Webcomics have been part of the strategy for manga publisher Seven Seas (home of Afro Samurai, Hayate x Blade, and Gunslinger Girl, among others) from the beginning, but always as a way to sell a print book. Now they have set up Zoom Comics, an ad-supported webcomics site that will run both homegrown and licensed manga, launching with four original English language series: Amazing Agent Jennifer (a prequel to their six-volume Amazing Agent Luna), Dracula Everlasting, Paranormal Mystery Squad (a followup to another original series, Aoi House), and Vampire Cheerleaders. Coming soon are two licensed series, both from Korea: Witch Hunter and Lizzie Newton: Victorian Mysteries

Seven Seas formed the site in partnership with Pixie Trix Comix, a webcomics portal set up by webcomics creators Gisele Lagace and David Lumsdon (Magick Chicks) that also runs comics by several other creators.

What's interesting about the new site is that it looks a lot like a bootleg manga site: The comics are simply displayed in the web browser, rather than embedded in a Flash-based reader, and they are surrounded by ads. If you changed the banner, it could be MangaFox. And Seven Seas has something else in common with the bootleg sites, something traditional publishers tend to neglect: They do forums well, with editor Adam Arnold frequently dropping in to make comments or respond to questions.

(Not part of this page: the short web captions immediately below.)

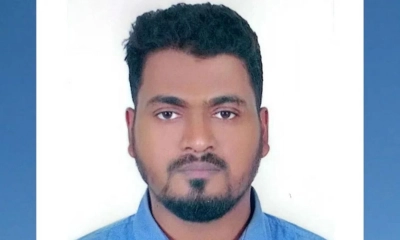 আমিরাতে সাড়ে ৩ কোটি টাকার লটারি জিতলেন বাংলাদেশি প্রবাসী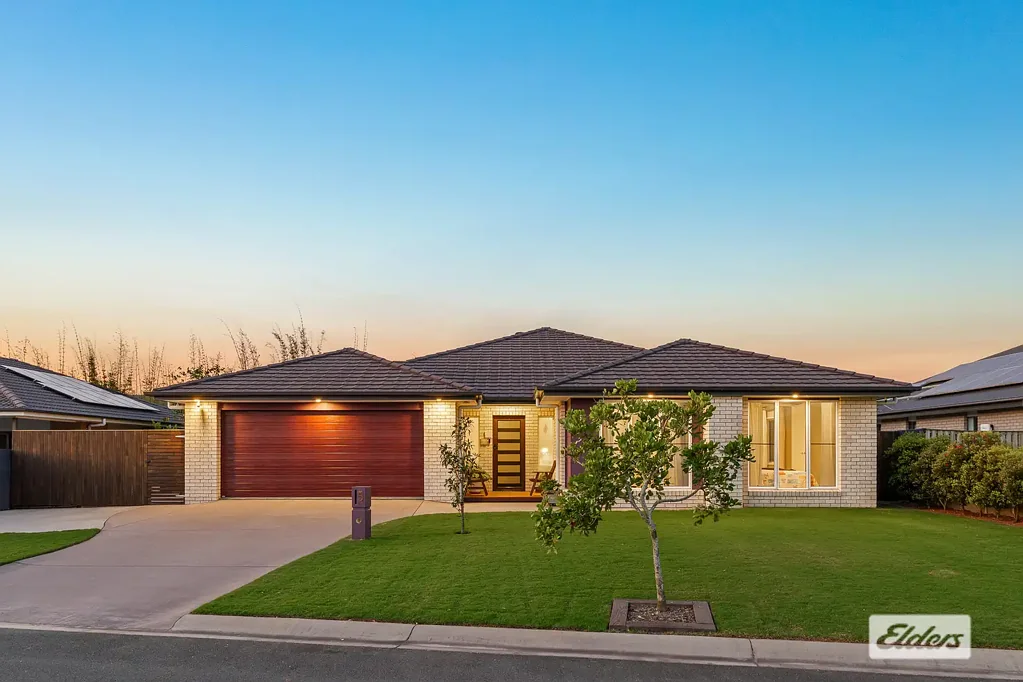 Loganholme 4બેડરૂમ MODERN LOWSET LIVING IN LOGANHOLME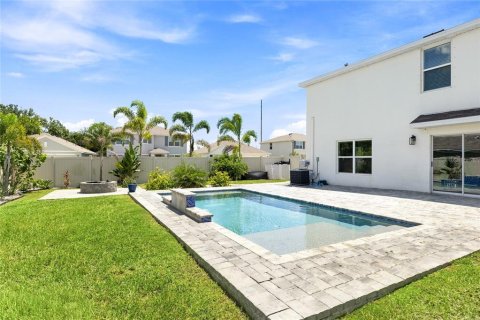 Villa ou maison à louer à Parrish, Floride: 4 chambres, 209.96 m2 № 2430684 - photo 3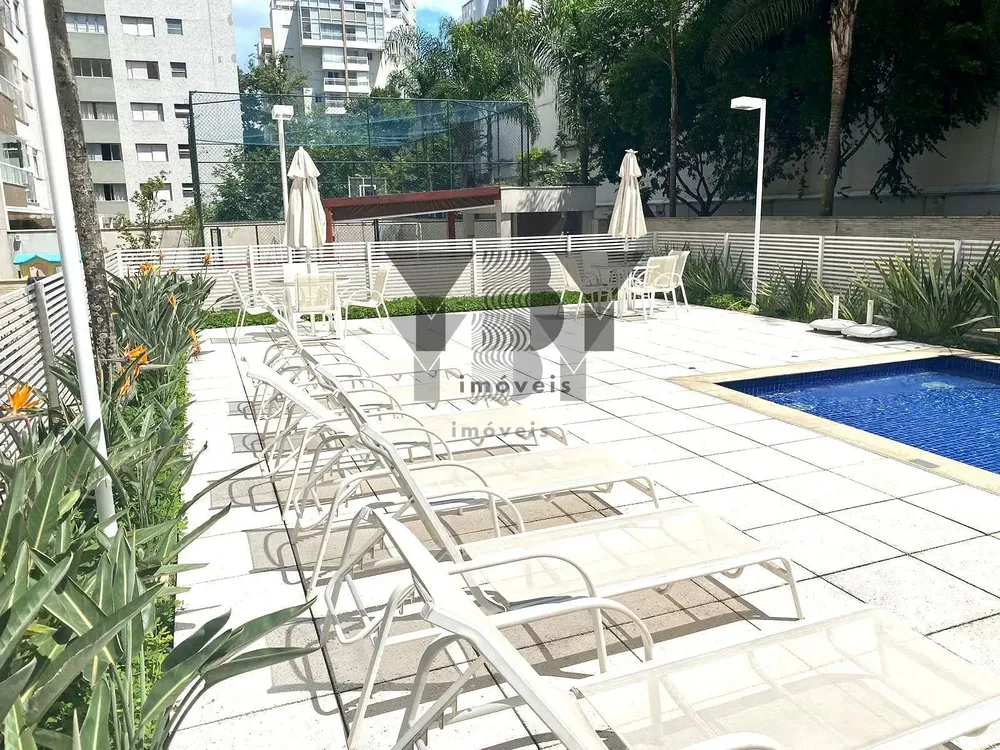 Cobertura, 3 quartos, 190 m² - Foto 5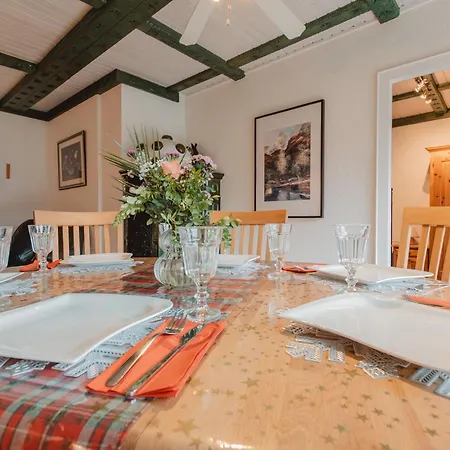 The Alpine Classic By Interhome Appartement *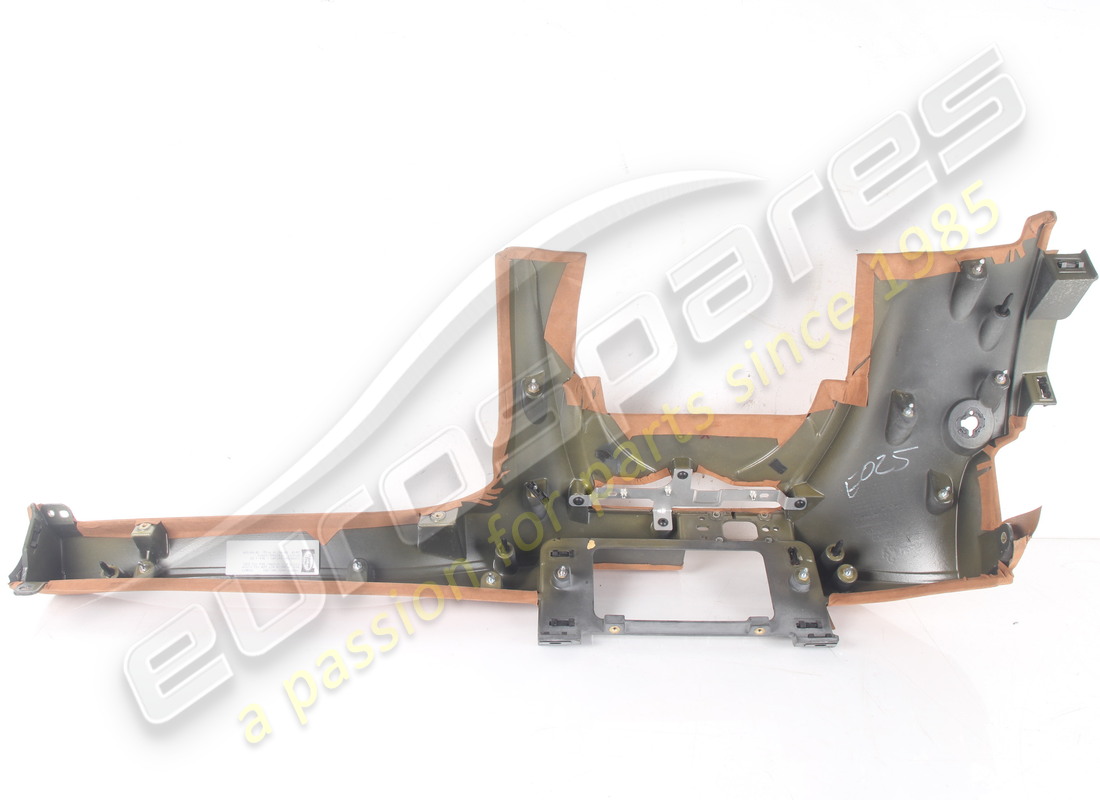 gebrauchte ferrari gdx mittelfläche komplett. teilenummer 88200812 (6)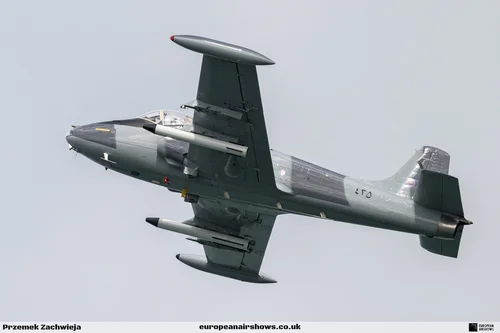 Bray Air Display 2026 photograph 42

"These days, people want their content free and they want it fast," said Seven Seas publisher Jason DeAngelis in his announcement of the new site. He is certainly right about that. The only question is whether this particular content will sell. Seven Seas manga has high-quality art with a house style that is close to traditional manga but a bit smoother; the writing is good, but it's less noticeably foreign than Japanese manga. Putting his webcomics on the Zoom portal, which has a lot of cross-promotion with Pixie Trix, looks like a shrewd move for DeAngelis, as it will broaden the readership and hopefully help his comics find their natural audience.